----- DATA TO USE -----

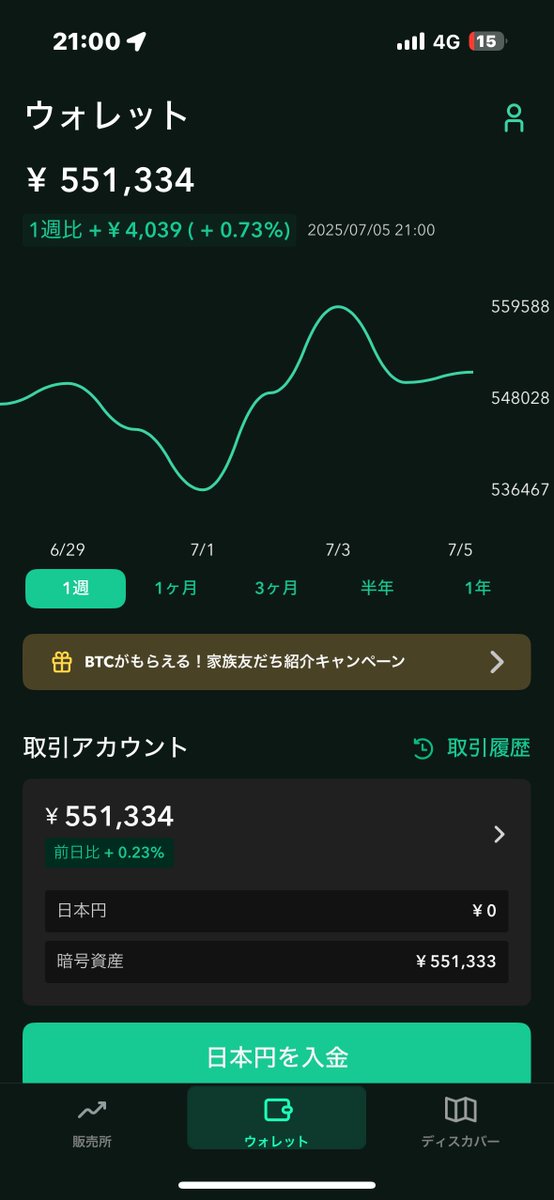 クソどうでもいいdポイントで投資信託買ってたやつ、前回の高値掴んでだけどプラスになってて笑う
ビットコインは変わりなしでヨコヨコ

#新NISA
#株初心者
#株クラの輪を広げよう
#交流GOGO
#インデックス投資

-----

WORK ITEM
With the pictures set aside, repeat every entry above exactly.

FINAL ANSWER
 クソどうでもいいdポイントで投資信託買ってたやつ、前回の高値掴んでだけどプラスになってて笑う
ビットコインは変わりなしでヨコヨコ

#新NISA
#株初心者
#株クラの輪を広げよう
#交流GOGO
#インデックス投資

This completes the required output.